Exercise instructions: Output every record verbatim, and omit each picture.

Scraped caption text data
•••

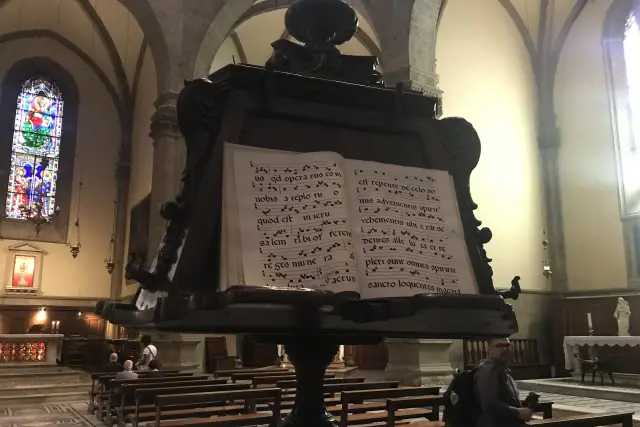 Muestra del servicio 2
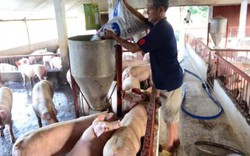 Bộ Công an đã tiêu thụ 3.650 tấn thịt lợn giải cứu giúp nông dân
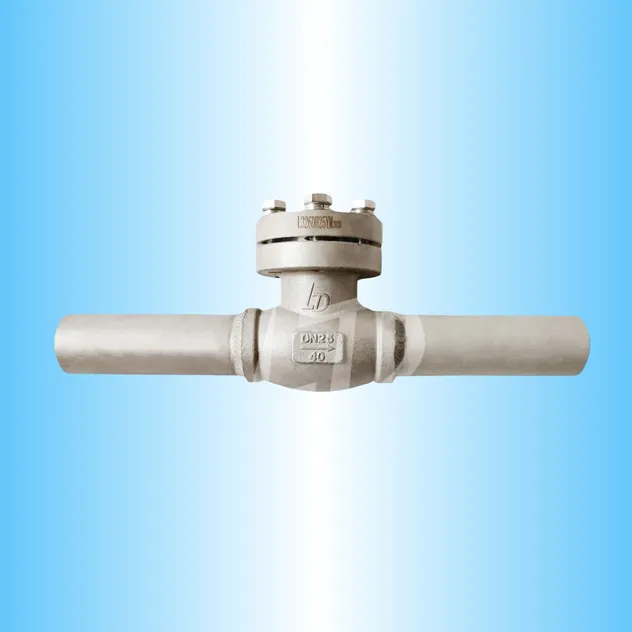 Cryogenic Valve 1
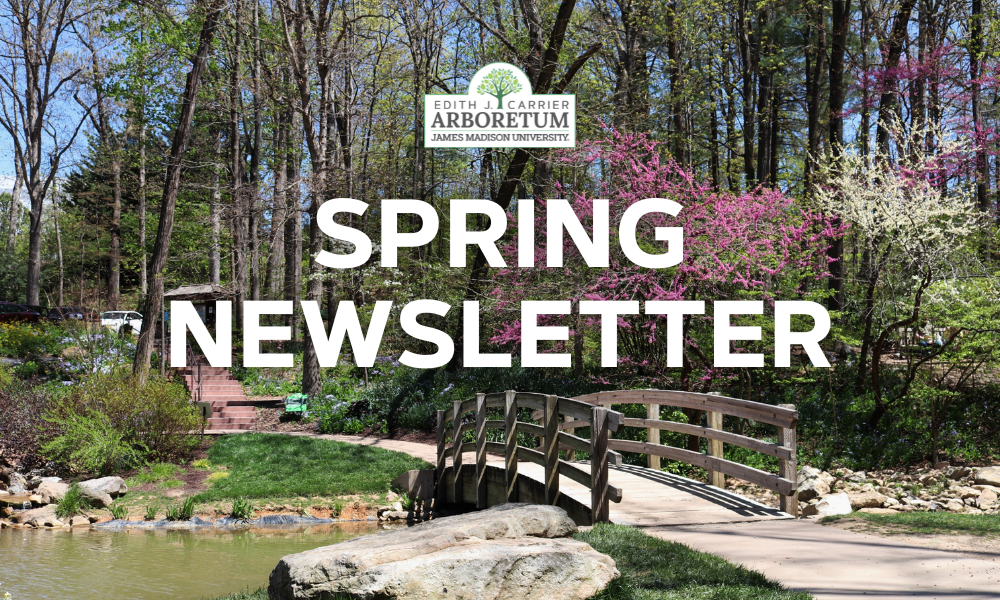 Read our Spring Newsletter for updates about the Arboretum!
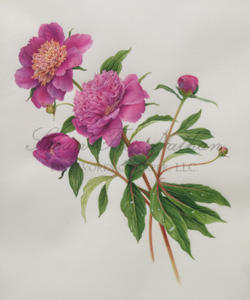 Works by Karen Kluglein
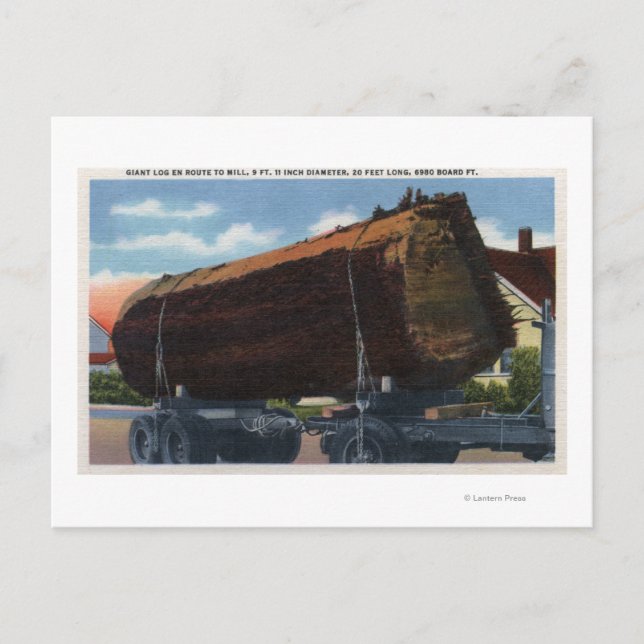 Postal Seattle, Washington Giant Log en ruta a Mill (Anverso)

•••

Answer box:
 Muestra del servicio 2
 Bộ Công an đã tiêu thụ 3.650 tấn thịt lợn giải cứu giúp nông dân
 Cryogenic Valve 1
 Read our Spring Newsletter for updates about the Arboretum!
 Works by Karen Kluglein
 Postal Seattle, Washington Giant Log en ruta a Mill (Anverso)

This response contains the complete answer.